Avoiding ‘E-trouble’ in Construction Litigation

Judah Lifschitz | Construction Executive | August 14, 2018

During the 2016 presidential election, the FBI subpoenaed Hillary Clinton’s emails after she used a private email server during her time as Secretary of State. Separately, the more recent investigation into Donald Trump’s campaign policy adviser, George Papadopoulos, resulted in scrutiny over both his email and social media.

As shown the above examples, there are damaging effects of electronically stored information in politics, but how does it impact the construction industry?

If not used carefully and properly, emails will serve as “truth serum” in court. Attorneys can simply read an email to know employees’ thoughts or actions, meaning an impulsive email or social media post will most likely come back to haunt the company. Requests for ESI are inevitable in litigation today and the production of inappropriate emails and other ESI open the door for an opposing attorney to argue that a company fosters a culture of uncouth, unprofessional and unfocused project management.

REQUESTS FOR ESI ARE INEVITABLE IN LITIGATION TODAY

It is estimated that 90 percent of all information is now created digitally – the majority of which is never printed. A comparison of the ESI and hard-copy documents produced in a recent construction case revealed that only 25 percent of email communication had been printed to paper. A Duke University survey revealed that the ESI Discovery costs in typical cases range from approximately $600,000 to just less than $3 million. And in large cases, the costs average from $2.3 million to $9.7 million.

ESI is created and stored in a variety of places, including computers, fax machines or copiers’ internal hard drives, voicemail, web pages, smartphones, jump drives, memory cards and external hard drives. It is important to remember that all of the data and information created and stored in these various places is subject to being produced to a litigation adversary in discovery, granting them access to a significant volume of information – some of which is produced in a very informal setting.

Opposing attorneys acquire this information through the discovery process, which includes:

  • The obligation to preserve potentially relevant information. Even before litigation is filed, any time that a company has reason to anticipate that it will be involved in litigation it has an obligation to ensure that it takes reasonable steps to preserve potentially relevant documents and ESI.
  • Requests for the production of information. If litigation is filed, the adverse party will be entitled to request the production of relevant information, including documents and ESI, from the company.
  • The obligation to identify, collect and produce relevant information. After receiving requests for production of information, the company will be obligated to identify, collect and produce documents and ESI responsive to the requests received.

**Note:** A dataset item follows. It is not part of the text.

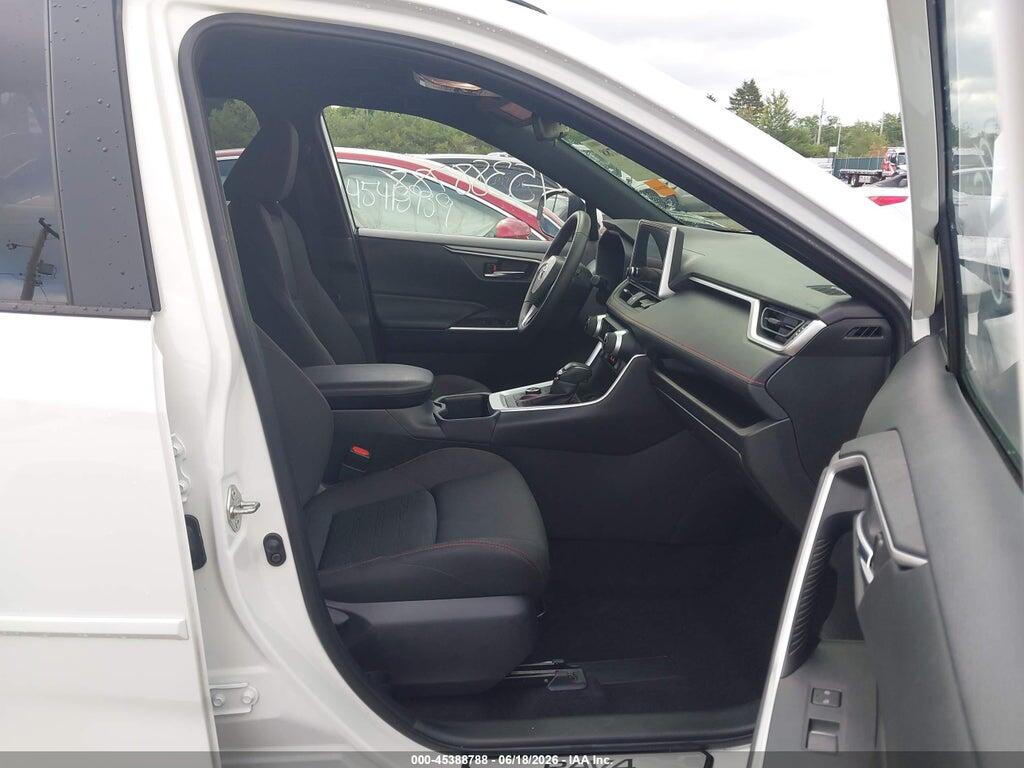 JTMAB3FVXSD246942 2025 TOYOTA RAV4 PLUG-IN HYBRID photo no. 5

In order to produce responsive information, a company will first need to review the ESI and documents collected in order to identify any that may be protected by the attorney-client privilege, work product or another relevant evidentiary privilege. Those documents and ESI should be withheld from the company’s production, but all other responsive documents and ESI must be produced, and through this process the company’s adversary will receive access to a large volume of company documents and ESI. Opposing lawyers will then comb through these materials searching for “ammunition” to use in court or arbitration.

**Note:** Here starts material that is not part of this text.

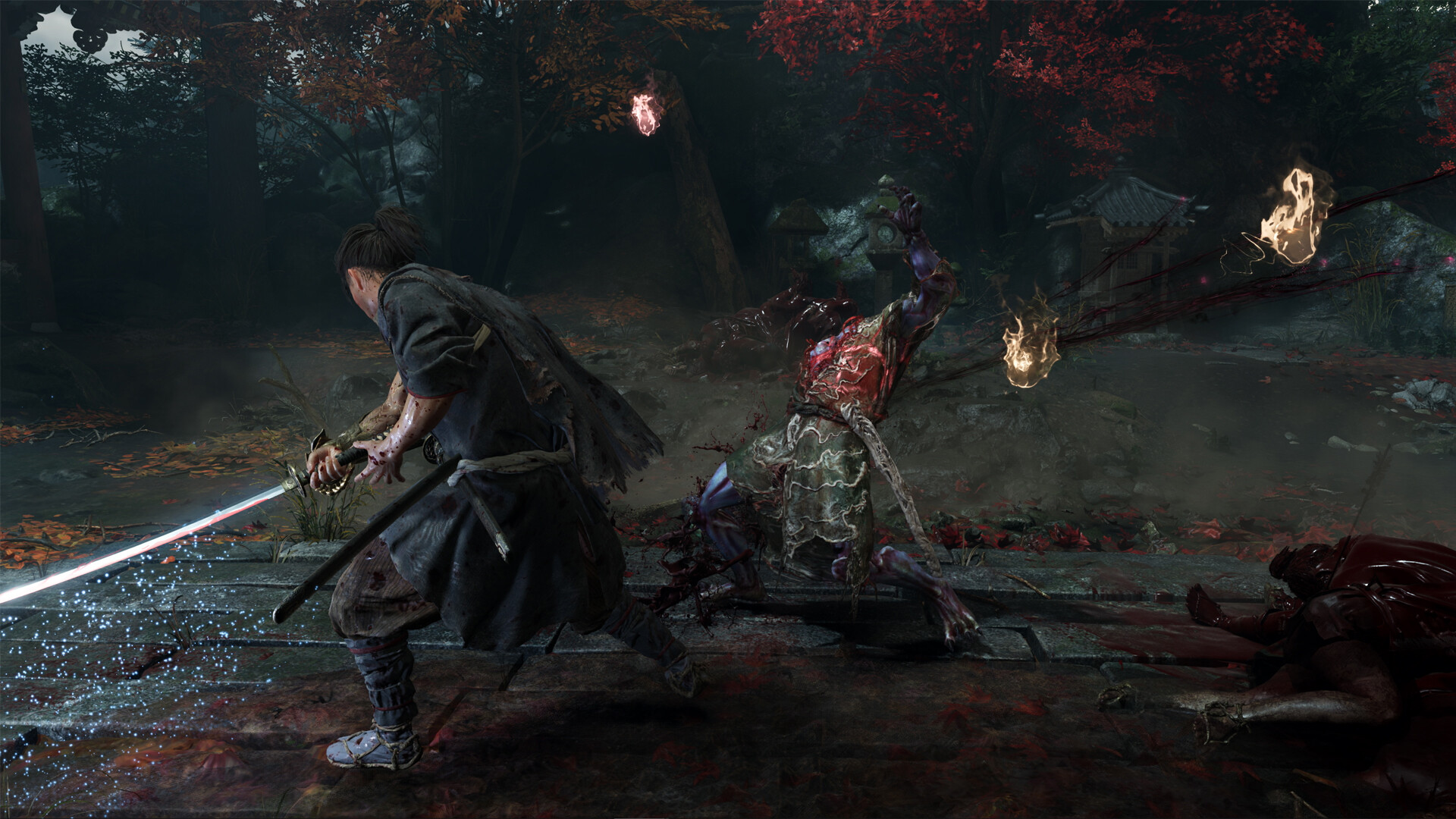 Relive your childhood with next-gen graphics (Source: CAPCOM)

WHAT IS E-TROUBLE AND HOW TO AVOID IT

A company may find itself in E-trouble either because it fails to preserve and produce electronic documents during the discovery process or when ESI is discovered and used against it by an adverse party in litigation. But, E-trouble can be avoided. There are steps to help a company avoid E-Trouble and protect itself from damaging information being discovered and used against it in litigation. Always consult counsel with any questions about the discovery process.

Implement and enforce a document retention policy

Documents should be retained for the duration of their useful life – and no longer. A well-drafted document retention policy is not enough. Implementation and enforcement are critical to avoiding E-Trouble and reducing electronic discovery and document production costs. A recent study found that while two-thirds of the companies surveyed have a document retention policy in effect, almost half of them don’t actively enforce it.

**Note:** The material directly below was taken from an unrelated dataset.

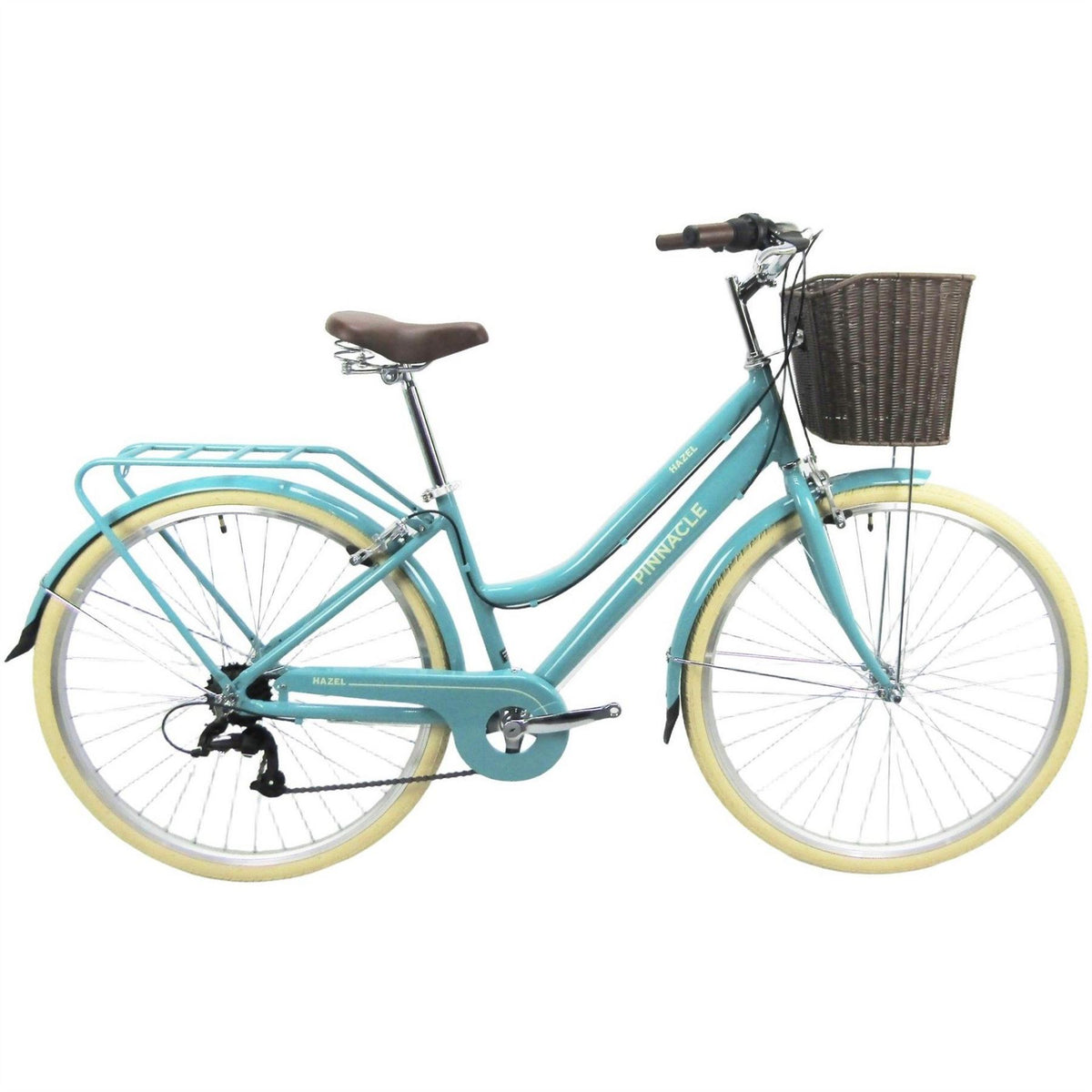 Pinnacle Hybrid Bike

When litigation is on the horizon, a company must suspend its routine document retention and destruction policy and put in place a “litigation hold” to ensure the preservation of relevant documents. In furtherance of the litigation hold, legal counsel must become familiar with the company’s document and information retention policies and data retention architecture.

Counsel must communicate with “the key players” in the litigation to understand how they stored information. Both the company and its counsel should monitor compliance with the litigation hold. This will guard against damaging and potentially expensive monetary sanctions.

Use email appropriately

Do not send “ammunition” that the other side can use against the company. If there are company inside jokes, lingo or nicknames for other staff members, clients or project personnel, do not use them in emails. Additionally, ensure employees are not using company email accounts for inappropriate personal business.

Do not email while angry. Avoid hitting send on an email if upset about something that occurred on a job. At trial, opposition may use an angry email to portray the sender as a bullheaded and unreasonable general contractor who put a project on the fast-track to attorneys and costly litigation.
When searching through ESI, opposing attorneys search for certain phrases in emails. Avoid using the following when emailing.

  • “I could get into trouble for telling you this, but …”
  • “Delete this email immediately.”
  • “I really shouldn’t put this in writing.”
  • “Don’t tell [So-and-So]” or “Don’t send this to [So-and-So].”
  • “She/He/They will never find out.”
  • “We’re going to do this differently than normal.”
  • “I don’t think I am supposed to know this, but …”
  • “I don’t want to discuss this in e-mail. Please give me a call.”
  • “Don’t ask. You don’t want to know.”
  • “Is this actually legal?”

Be mindful of social media

The digital age of communication and information technology has drastically increased the scope and volume of what is now discoverable to include more than just email communication. Today, even personal social media accounts can be used against a company in litigation.

An appellate court in New York ruled that social media posts, pictures and messages may become evidence regardless of the privacy settings status. The court compared Facebook to a diary, stating “the postings on the plaintiff’s online Facebook account, if relevant, are not shielded from discovery merely because plaintiff used the service’s privacy settings to restrict access, just as relevant matter from a personal diary is discoverable.”

There are several ways that attorneys for both plaintiffs and defendants gain access to social media posts for the parties they represent. Attorneys today search social media updates and posts for anything that may be useful in court. For example, the typical fact pattern in a personal injury case is as follows:

  • a plaintiff claims her permanent injuries kept her confined to her home and bed;
  • her public profile page on a social networking internet site shows her smiling and “out and about” outside of her home; and
  • the defendant gets a court order requiring the plaintiff to grant access to her accounts on social networking sites, including her current, archived and deleted information and pages.